We reinforce relationship between teams
In decentralized stuctures on multiple sites, even if they are a few metro/tram/bus stops apart, the scaled agile structure has to cope with an additional distance-related constraint. This impacts one of the main qualities of agile: “working together”. The distance might be between members of the team (e.g., developers and project management, teams and users), or between teams.
If we add in a subcontracting relationship, often involving a development team, we are adding a contractual constraint, which-if not provided for at the time the contract is signed- will have to be treated as an additional risk.
It’s essential to set up events as soon as possible that bring everyone together once every on or two sprints (typically review and retrospective events), to test the organization of roles, and to encourage feedback and cross-functionnal learning. (SAFe recommends PI Planning only every 3 to 5 sprints.) The first few of these will be a total mess, but perseverance is vital. Here, dedicated logistics and tools are important, under a perso with identified responsibility, including:
- Communication tools for video conferencing, information-sharing tools (wikis, project management tools), virtual moderation (using tools such as Beekast);
- Dedicated meeting
rooms equipped with
facilities/large screens, supplemented by individual equipment;
- The availability of a large space for reviews;
- A tool for sharing Tuleap-type or other backlogs.
Particular attention will need to be paid to the quality of the links between teams and to supporting people performing a cross-functional role. This is why the alternation between virtual and real-life meetings has to be carefully organized.

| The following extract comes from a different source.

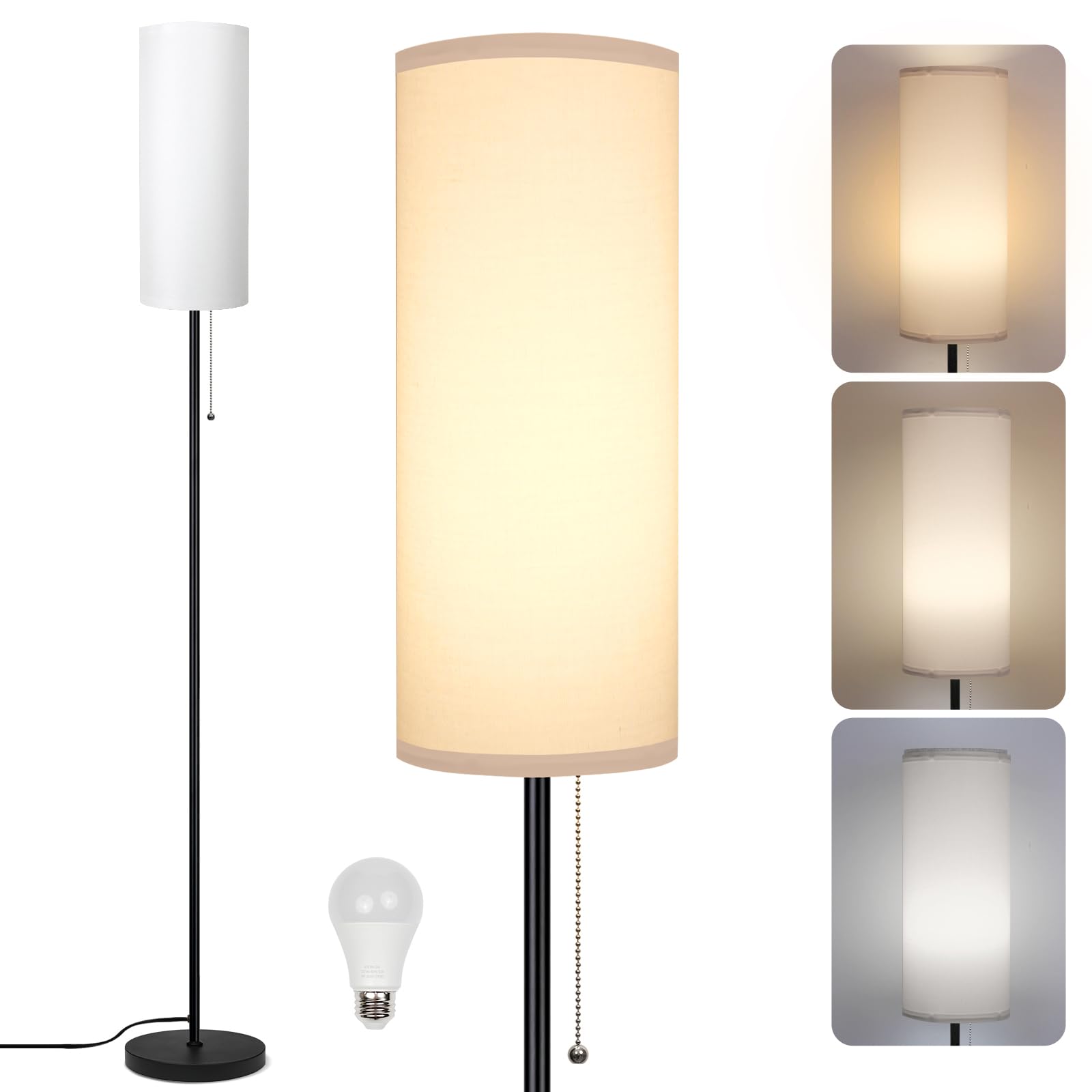 Ldeco floor lamp with white shade in living room for cozy reading light.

We provide teams with tools for remote collaboration
And yes, of course, now more than ever with lockdown and home working, it’s been shown that distributed ways of working are possible. But this requires organizations to be be equipped with tools for remote collaboration. A product like Tuleap is already a solid foundation, one that can be complemented by products for desktop virtualization, whiteboarding, and other things.
We encourage teams to communicate through different tools
A scaled agile approach with distributed teams will always be less easy to implement than with teams in the same location. The human factor is essential in agile: we’ve all had some experience of working with someone remotely -including in the corridor or the department next door- and finding it complicated.

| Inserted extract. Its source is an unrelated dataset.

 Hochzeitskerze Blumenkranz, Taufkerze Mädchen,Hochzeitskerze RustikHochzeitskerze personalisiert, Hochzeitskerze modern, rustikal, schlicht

This principle can be proven in all contexts, in all organizations. However, when faced with an international scenario or the simple fact of teams distributed across multiple sites, the issue remains unresolved. The use of tools then becomes indispensable. We should distinguish between two types of tools:
- Project management tools are the ones that are most often indispensable, especially in a scaled agile context, where visual management is no longer sufficient. In addition, consistency and continuity in the monitoring of activities, from management of the continuity in the monitoring of activities, from management of the backlog to the deployment of stories -including all good practices for devlopment, testing and integration- are a real help for agile teams. A tool like Tuleap can meet these needs very well;
- Collaborative tools for developing, building, and sharing ideas (Google Suite, Mural, Klaxoon, Miro, etc.); although these will never replace the effectiveness of a team working together in a room with a whiteboard and Post-it notes, they are necessary nowadays.
In addition to the tools, here are some further tips:
- Hold regular physical meetings, even if it’s expensive (as we don’t measure the cost of not doing this, and I’m convinced of the ROI);
- Turn on your cameras when video conferencing;
- Use communication tools that allow small groups and large groups to interact (Zoom breakout rooms, Microsoft Teams channels);
- Introduce virtual cafés
(informal gatherings where you talk about something other than work);
- Set up random virtual meetings between all members of the organization (speakeasy);
- For kick-off events, workshops, PI Planning sessions and agile days, there are some great tools such as Remo (used for the Agile Online Summit in April 2020) or Sococo, which allow you to (almost) believe you’re in the same place;
- Encourage cross-functional initiatives such as hackathons, communities of practice, sharing experiences between teams, agile days, and so on.
Note also that, in SAFe, the geographical factor should be taken into account when defining Agile Release Trains. Finally, above and beyond the geographical distribution, the cultural factor is also important in an agile transformation: European, North American, and Asian cultures aren’t the same and this can create obstacles, misunderstandings, and tensions if it’s not taken into account.
We support mutual aid between team members
We all generally agree that it’s preferable to have people physically present. But in reality, it’s extremely rare that all those involved (sometimes hundreds of people) can be brought together in one place. Appropriate tools are, in fact, indispensable at scale. So, allow me to share some tips for success with distrubuted teams:
- Rule #1: see yourselves, show yoursleves, and show others what you see using video conferencing, dashboards, and digital backlogs;
- Rule #2: have confidence and inspire confidence;
- Rule #3: help one another
But these points are obvious, aren’t they, as we’re talking about agility, the agile culture.